++++ DATA FOR REVIEW
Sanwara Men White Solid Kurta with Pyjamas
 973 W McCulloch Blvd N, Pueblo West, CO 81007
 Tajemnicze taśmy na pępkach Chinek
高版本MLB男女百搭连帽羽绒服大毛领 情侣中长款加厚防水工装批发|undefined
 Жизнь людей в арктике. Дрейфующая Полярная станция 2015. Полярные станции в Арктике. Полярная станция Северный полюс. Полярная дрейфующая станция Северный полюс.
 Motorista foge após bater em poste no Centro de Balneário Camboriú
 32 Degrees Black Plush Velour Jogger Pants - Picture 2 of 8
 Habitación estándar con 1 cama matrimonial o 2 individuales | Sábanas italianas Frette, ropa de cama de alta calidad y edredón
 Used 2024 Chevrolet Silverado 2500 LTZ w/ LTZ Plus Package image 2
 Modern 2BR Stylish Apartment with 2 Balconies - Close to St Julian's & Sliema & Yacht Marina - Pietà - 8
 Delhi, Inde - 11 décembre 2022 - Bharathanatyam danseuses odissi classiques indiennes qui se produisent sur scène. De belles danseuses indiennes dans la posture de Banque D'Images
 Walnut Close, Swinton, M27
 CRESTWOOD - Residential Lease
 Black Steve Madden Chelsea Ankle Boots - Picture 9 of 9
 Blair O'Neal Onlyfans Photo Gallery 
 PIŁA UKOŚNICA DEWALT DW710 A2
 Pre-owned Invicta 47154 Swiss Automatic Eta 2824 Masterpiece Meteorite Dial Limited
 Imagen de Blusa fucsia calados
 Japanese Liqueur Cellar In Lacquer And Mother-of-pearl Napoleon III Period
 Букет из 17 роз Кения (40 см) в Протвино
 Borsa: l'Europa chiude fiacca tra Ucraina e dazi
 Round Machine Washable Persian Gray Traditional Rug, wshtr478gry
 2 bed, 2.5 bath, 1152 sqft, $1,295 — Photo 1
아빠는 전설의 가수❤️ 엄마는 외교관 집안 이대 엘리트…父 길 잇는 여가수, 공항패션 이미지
++++++++
## WHAT TO PRODUCE
Which of the lines above include the word "Picture"? List those lines.

## YOUR SOLUTION
 32 Degrees Black Plush Velour Jogger Pants - Picture 2 of 8
 Black Steve Madden Chelsea Ankle Boots - Picture 9 of 9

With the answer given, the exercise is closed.